Every college student, especially those in the liberal arts, is familiar with the “so what are you doing after college?” question. The quarterly colloquium talks sponsored by Kalamazoo College’s Psychology department provide some potential answers to these big questions. Last Tuesday’s discussion was hosted by Douglas A. Lepisto, Ph.D., K’04, who is currently a professor at Western Michigan University (WMU).
Lepisto was introduced by Professor Robert Batsell. “These S.I.P. materials matter, kids,” said Batsell as he waved Lepisto’s 2004 SIP folder in the air. “You never know when they’ll be used as a prop to introduce you to an audience,” he joked.
“It’s pretty weird to be back here 13 years later,” said Lepisto, who went on to say that “K really provides you with the critical thinking and breadth to be successful after college.”
Lepisto was a Psychology major and a Sociology minor at K, and he is now a specialist in the field of Organizational Behavior Psychology. He assured current Psychology students that he also didn’t know the answer to the “what are you doing after graduation” question when he was a college senior.
Lepisto described his journey after graduating from K, where he worked for an advertising agency and then received his masters in Sociology from the University of Chicago. He found the subject too abstract, so he switched gears to more applied work with the Monitor consulting firm. Lepisto then transitioned to Boston College where he studied qualitative research methods, and upon graduation he returned to Kalamazoo, MI to teach at WMU.
“The moral of the story is that your path always makes sense after the fact,” said Lepisto in reference to his own seemingly disjointed career path. “Don’t think about it—go do it.

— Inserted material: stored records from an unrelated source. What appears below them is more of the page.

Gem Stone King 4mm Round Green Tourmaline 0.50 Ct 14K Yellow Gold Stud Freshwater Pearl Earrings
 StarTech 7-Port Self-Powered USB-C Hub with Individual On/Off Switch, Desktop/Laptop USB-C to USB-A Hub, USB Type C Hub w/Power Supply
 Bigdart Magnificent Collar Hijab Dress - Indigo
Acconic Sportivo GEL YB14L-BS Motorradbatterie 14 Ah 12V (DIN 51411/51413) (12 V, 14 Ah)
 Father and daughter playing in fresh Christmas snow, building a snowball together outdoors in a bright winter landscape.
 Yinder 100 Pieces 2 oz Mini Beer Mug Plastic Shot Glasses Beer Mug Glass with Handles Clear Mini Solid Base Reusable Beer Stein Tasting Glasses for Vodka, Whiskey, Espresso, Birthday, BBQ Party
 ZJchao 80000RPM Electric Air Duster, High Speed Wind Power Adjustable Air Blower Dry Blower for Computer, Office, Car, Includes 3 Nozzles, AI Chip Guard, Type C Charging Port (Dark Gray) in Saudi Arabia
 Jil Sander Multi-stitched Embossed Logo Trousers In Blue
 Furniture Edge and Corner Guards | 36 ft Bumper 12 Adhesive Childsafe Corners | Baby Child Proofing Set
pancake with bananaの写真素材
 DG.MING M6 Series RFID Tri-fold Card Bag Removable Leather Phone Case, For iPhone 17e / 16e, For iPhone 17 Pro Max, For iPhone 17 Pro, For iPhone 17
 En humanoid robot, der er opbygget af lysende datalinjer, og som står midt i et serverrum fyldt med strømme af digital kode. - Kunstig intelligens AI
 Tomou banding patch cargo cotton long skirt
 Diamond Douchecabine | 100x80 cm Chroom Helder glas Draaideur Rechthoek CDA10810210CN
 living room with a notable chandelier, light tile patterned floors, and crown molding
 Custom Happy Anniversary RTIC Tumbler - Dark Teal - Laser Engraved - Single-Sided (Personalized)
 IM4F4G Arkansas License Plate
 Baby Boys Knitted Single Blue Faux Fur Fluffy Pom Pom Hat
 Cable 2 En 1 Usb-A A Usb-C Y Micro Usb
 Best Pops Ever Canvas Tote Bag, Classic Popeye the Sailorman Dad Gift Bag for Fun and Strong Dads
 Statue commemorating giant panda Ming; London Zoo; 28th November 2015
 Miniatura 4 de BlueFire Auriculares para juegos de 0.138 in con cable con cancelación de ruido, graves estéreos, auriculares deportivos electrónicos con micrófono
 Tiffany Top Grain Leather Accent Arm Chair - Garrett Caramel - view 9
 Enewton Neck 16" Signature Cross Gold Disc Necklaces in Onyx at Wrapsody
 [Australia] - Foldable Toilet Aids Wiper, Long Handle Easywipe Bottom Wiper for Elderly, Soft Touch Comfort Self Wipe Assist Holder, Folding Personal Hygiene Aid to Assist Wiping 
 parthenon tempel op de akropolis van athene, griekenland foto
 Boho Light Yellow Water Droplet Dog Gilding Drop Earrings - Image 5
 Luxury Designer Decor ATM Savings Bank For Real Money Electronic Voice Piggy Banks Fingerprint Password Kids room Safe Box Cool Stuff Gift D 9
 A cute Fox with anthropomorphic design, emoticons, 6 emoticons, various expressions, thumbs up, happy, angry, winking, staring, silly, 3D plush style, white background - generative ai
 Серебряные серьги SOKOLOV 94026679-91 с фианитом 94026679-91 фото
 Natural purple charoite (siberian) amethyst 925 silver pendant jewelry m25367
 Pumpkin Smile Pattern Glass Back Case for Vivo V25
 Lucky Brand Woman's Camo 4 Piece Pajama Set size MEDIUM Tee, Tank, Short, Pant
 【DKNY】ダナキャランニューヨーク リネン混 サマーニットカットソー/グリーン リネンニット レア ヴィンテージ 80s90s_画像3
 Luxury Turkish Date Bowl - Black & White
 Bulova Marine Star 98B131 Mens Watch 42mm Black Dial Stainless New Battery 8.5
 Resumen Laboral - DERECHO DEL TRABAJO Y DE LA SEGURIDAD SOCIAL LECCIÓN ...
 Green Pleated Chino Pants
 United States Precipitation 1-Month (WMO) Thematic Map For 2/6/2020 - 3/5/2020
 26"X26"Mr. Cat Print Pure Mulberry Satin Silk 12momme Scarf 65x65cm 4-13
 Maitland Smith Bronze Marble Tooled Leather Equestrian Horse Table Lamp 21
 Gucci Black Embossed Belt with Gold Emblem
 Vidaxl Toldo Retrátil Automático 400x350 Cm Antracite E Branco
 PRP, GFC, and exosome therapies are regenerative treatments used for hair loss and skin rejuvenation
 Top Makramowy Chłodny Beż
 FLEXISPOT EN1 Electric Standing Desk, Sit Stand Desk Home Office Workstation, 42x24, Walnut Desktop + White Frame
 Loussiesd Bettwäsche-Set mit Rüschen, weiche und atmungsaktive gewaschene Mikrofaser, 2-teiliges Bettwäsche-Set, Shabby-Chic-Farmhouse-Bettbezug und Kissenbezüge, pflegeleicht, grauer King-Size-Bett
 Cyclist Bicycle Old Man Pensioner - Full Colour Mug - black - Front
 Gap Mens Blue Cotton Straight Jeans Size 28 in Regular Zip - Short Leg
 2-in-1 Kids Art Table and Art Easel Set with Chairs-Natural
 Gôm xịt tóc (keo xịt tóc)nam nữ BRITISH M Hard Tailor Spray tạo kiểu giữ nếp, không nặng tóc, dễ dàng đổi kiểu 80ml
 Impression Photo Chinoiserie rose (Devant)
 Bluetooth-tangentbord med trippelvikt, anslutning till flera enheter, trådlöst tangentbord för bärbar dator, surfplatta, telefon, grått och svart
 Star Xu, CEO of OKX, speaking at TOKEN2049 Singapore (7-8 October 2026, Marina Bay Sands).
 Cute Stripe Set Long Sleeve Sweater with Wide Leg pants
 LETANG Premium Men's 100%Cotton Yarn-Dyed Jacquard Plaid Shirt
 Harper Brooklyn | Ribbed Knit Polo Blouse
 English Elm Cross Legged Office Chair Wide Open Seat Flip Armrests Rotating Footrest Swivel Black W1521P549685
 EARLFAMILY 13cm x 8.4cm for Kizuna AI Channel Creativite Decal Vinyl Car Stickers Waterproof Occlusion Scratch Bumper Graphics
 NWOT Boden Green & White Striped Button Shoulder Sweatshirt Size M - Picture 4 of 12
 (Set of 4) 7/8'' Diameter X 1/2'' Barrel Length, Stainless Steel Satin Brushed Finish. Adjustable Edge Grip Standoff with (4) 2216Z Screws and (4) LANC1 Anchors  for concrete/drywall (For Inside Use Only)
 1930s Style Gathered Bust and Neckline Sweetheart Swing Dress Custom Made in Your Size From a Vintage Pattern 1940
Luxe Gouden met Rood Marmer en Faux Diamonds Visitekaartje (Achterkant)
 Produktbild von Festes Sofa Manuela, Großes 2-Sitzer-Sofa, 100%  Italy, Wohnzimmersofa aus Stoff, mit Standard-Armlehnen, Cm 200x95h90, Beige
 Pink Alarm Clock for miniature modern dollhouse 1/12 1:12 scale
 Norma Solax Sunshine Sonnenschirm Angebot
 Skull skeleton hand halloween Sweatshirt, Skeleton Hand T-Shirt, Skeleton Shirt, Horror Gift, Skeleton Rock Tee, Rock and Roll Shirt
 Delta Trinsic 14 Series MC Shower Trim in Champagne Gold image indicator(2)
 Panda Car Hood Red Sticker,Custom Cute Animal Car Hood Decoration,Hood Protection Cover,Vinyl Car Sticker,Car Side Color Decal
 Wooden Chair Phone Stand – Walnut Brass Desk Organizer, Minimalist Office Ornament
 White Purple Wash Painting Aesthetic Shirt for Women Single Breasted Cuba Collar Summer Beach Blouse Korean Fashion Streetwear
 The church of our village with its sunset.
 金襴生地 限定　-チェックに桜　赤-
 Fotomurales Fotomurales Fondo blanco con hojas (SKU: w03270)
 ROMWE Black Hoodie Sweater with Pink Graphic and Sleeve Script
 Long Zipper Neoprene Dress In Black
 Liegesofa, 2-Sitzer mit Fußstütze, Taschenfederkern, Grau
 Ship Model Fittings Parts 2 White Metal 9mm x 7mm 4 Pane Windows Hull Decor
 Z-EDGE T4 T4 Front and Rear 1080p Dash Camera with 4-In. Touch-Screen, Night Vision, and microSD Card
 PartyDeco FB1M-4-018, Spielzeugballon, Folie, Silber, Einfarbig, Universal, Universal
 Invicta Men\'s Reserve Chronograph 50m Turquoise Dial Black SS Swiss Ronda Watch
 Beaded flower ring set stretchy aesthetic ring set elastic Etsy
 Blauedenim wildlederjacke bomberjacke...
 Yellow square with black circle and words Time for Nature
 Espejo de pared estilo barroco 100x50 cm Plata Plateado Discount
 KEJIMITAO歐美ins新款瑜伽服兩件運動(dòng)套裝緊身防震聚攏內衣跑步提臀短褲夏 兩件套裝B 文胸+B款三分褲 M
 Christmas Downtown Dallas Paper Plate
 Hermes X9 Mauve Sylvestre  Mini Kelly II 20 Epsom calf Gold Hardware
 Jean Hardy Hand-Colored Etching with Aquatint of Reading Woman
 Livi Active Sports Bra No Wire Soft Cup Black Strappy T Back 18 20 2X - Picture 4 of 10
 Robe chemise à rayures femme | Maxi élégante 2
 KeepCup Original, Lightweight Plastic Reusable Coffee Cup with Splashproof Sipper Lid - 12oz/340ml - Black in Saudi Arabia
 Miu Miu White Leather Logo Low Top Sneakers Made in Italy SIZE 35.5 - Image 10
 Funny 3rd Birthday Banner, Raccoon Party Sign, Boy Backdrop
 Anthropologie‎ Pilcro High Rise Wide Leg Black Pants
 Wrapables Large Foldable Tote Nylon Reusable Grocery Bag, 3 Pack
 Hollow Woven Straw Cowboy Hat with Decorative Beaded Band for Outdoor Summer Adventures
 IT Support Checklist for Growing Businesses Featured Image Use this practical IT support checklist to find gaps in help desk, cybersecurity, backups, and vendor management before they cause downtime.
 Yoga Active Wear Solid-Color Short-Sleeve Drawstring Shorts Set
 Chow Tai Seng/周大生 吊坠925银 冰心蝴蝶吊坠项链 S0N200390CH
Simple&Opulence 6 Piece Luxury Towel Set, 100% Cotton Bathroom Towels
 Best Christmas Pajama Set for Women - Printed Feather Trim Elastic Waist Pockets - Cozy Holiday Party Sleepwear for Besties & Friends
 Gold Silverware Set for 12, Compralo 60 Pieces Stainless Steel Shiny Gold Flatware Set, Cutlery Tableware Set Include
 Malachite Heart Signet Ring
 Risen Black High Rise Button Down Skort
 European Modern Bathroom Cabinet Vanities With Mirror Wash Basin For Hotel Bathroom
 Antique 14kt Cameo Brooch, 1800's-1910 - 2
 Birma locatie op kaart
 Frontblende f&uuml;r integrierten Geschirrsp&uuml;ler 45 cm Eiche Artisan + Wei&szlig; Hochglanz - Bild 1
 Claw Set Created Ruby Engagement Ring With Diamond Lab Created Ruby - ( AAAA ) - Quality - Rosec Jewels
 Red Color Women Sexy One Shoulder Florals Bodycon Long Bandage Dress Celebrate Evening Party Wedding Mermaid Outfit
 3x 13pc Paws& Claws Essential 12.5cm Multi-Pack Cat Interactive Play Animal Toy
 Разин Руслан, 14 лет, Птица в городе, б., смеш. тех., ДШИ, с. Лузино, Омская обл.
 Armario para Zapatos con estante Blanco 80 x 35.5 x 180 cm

That’s the only way you’ll figure out what you really want to do.”
Lepisto’s journey brought him to the field of Organizational Behavior (OB), which encompasses a broad range of psychological study. The discussion focused on three perspectives of Organizational Behavior: behaviors relevant to organizations, behavior in the context of a particular organization, and behavior as necessary for the task of organizing.
“There are a lot of different ways to go in OB. You want to be really mindful if you’re getting a Ph.D. in one of these areas,” said Lepisto in regards to pursuing the field at a graduate level. He went on to describe his current research, which studies the human attachment to objects in the context of the workplace. The research has revealed that creative workers do have a tendency to become attached to their work product, and provides some suggestions for reducing this issue within an organization.
Lepisto advised current Psychology students to consider the field of Organizational Behavior as a potential area of study and career path, pointing towards the lucrative job opportunities that are appearing in the job market today.